ACTIVITY: Find the line below with "Pret a Porter" and the line with "Penál jednopatrový Topgal PENN 20045 B". Output exactly those lines and everything between them, leaving out the pictures.

DATA EXTRACT:
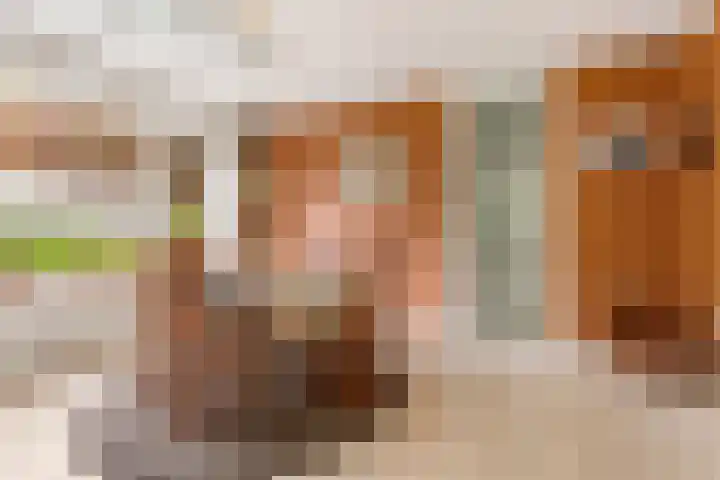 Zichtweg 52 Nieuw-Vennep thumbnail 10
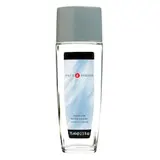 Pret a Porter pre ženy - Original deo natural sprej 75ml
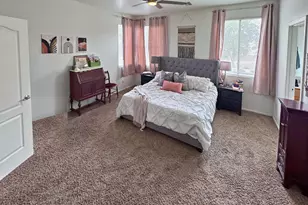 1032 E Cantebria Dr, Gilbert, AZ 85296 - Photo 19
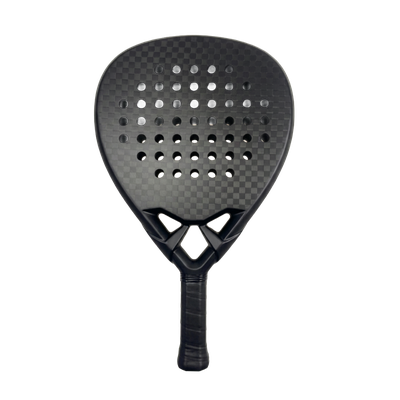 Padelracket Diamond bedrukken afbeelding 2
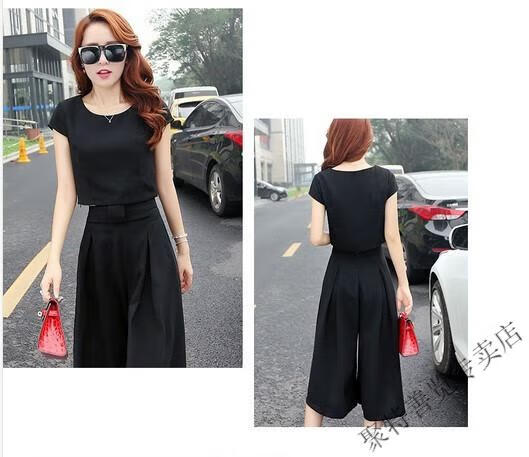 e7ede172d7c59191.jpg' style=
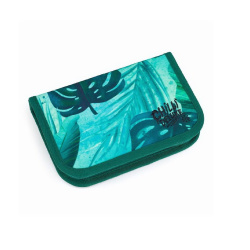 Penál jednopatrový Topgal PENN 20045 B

---

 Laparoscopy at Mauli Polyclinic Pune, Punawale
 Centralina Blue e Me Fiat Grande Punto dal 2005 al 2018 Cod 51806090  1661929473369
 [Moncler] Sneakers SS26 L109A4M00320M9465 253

REPLY:
 Pret a Porter pre ženy - Original deo natural sprej 75ml
 1032 E Cantebria Dr, Gilbert, AZ 85296 - Photo 19
 Padelracket Diamond bedrukken afbeelding 2
 e7ede172d7c59191.jpg' style=
 Penál jednopatrový Topgal PENN 20045 B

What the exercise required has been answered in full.